The extraordinary South African pianist meets his countryman, the late, very great bassist Johnny Dyani, and the result is one of the single most beautiful recordings of the '70s. The duo mix in traditional African and Islamic songs and perform with a fervor and depth of feeling rarely heard in or outside of jazz. From the opening traditional Xhosa song, "Ntsikana's Bell," the rich, sonorous approach of these two musicians is evident, both singing in stirring fashion, Ibrahim guttural and serious, Dyani as free and light as a swallow. Ibrahim treats the listener to some of his all-too-rarely heard flute work on the following track, using Kirk-ian techniques of sung overtones in a gorgeous original.

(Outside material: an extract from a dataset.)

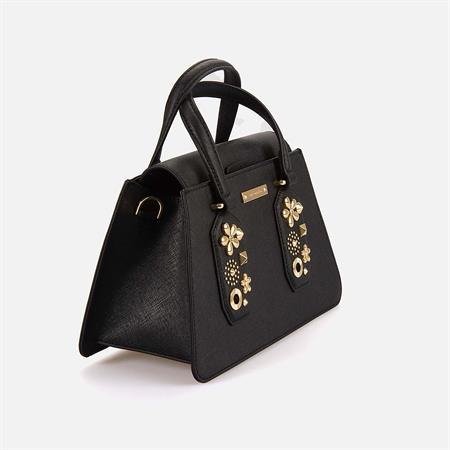 CROMIA Kadın Hakiki Deri Siyah El Çantası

This is one of Abdullah Ibrahim's most colorful band recordings. With a 12-piece group that includes altoist Carlos Ward, trombonist Craig Harris and bassist Cecil McBee along with some lesser-known names, Ibrahim performs eight folklike originals that pay tribute to his life growing up in South Africa. "The Homecoming Song," "Anthem for the New Nation" and especially "The Wedding" (a beautiful hymn) are particularly memorable.
A somewhat surprising pairing at the time, the former firebrand of the tenor sax and the wonderful South African pianist found a pleasant and relaxed meeting point. By 1978, Shepp had largely abandoned the ferocious attack that gained him renown in the '60s, settling on a rich, Ben Webster-ish tone and playing a repertoire consisting of modern standards and bluesy originals. Two such pieces, the lovely Dave Burrell/Marion Brown composition "Fortunato" and Mal Waldron's "Left Alone," are highlights of this session, Shepp's burnished tone as soft as an old shoe.